Activity: Would you please return only the lines from the one with "Los alumnos del" through the last line of the records below, leaving the pictures out?

*** Opening Exercise input ***

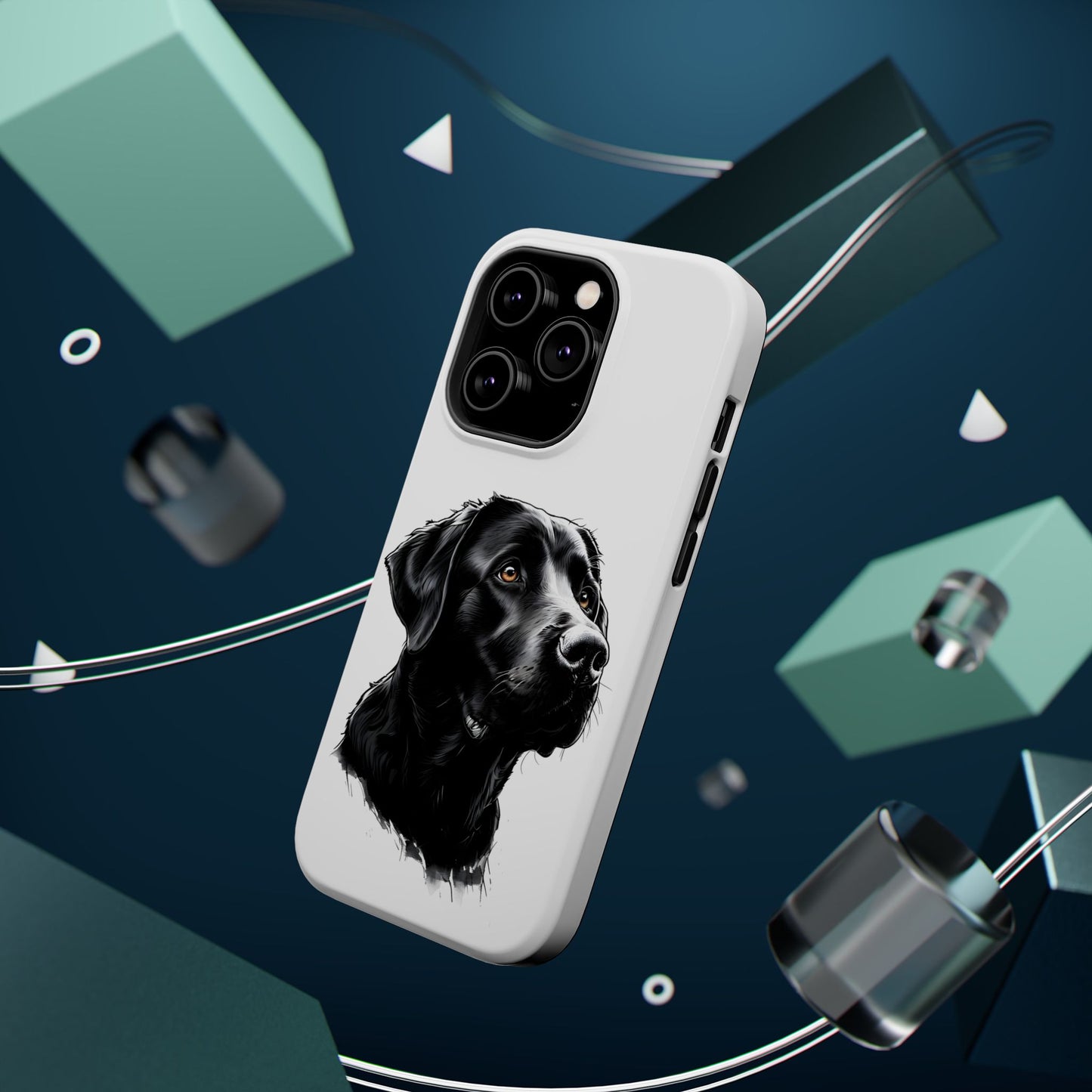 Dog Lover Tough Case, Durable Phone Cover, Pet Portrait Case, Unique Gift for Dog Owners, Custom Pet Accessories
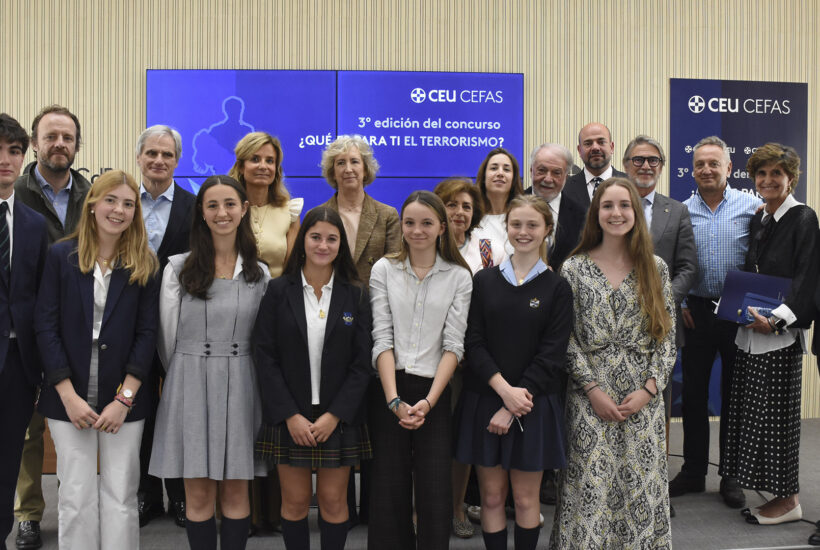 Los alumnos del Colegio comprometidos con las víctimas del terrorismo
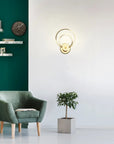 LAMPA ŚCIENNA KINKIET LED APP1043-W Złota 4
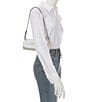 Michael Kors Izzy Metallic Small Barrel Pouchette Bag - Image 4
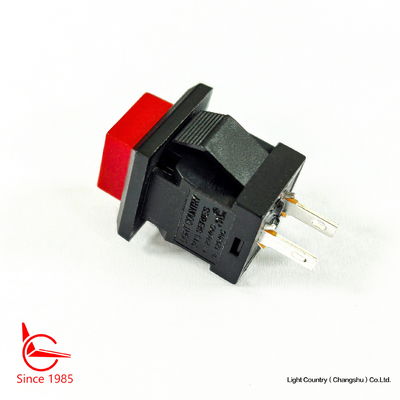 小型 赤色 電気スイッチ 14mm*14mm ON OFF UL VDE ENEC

*** Closing Exercise input ***

Task solution:
 Los alumnos del Colegio comprometidos con las víctimas del terrorismo
 LAMPA ŚCIENNA KINKIET LED APP1043-W Złota 4
 Michael Kors Izzy Metallic Small Barrel Pouchette Bag - Image 4
 小型 赤色 電気スイッチ 14mm*14mm ON OFF UL VDE ENEC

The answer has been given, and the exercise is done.